Quais são as bases que fundamentam o socialismo bolivariano ?
O socialismo bolivariano deve ter outro paradigma. Estamos a viver a primeira revolução depois da Unidade Popular no Chile que se dá em paz e no campo da democracia. Decidimos fazer a transformação junto com o povo. Por isso, nossas mudanças são mais lentas, porque não se tratou de tomar o poder pela força. Essa reforma constitucional é parte dessas mudanças. Nosso sujeito histórico são os excluídos que abarcam grande parte da população. A cultura, economia e a própria história venezuelana devem determinar este novo modelo.
Se aprovada a reforma, o presidente poderá ser reeleito sem limites de número de candidaturas. Se o que está em discussão é o projeto socialista, porque há a necessidade de que Chávez seja o condutor do projeto?
Os líderes no mundo jogam um papel muito importante. Chávez representa uma liderança coletiva porque responde aos interesses da maioria e isso é ainda mais importante quando este líder está próximo de quem realmente toma as decisões, que é o poder popular. O poder popular deverá substituir o poder centralizado, este é o nosso projeto. Por outro lado, a legislação actual cerceia o direito do povo de eleger seu presidente quantas vezes achar necessária. Com a reforma se tem a liberdade de escolher. E no dia em que o povo venezuelano não quiser mais que o presidente Chávez governe, ele será substituído.
O que se pode esperar para o próximo período, pensando nos dois resultados possíveis no referendo?
Se perdermos, é sinal de que nos equivocamos.
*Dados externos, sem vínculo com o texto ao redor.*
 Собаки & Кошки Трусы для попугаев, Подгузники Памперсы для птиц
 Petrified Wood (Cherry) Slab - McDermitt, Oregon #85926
Teremos de corrigir algumas coisas. Mas acredito na vitória. Entraremos em uma etapa muito importante de consolidação do processo revolucionário. Muitos projectos estarão orientados no sentido de incluir o poder popular, abrindo novos espaços de participação. O nascimento de um novo Estado não é magia, e sim um parto. Um parto em que tem de haver muitas parteiras. E como todo parto, produzirá dor, mas depois gerará o prazer de ter um novo filho.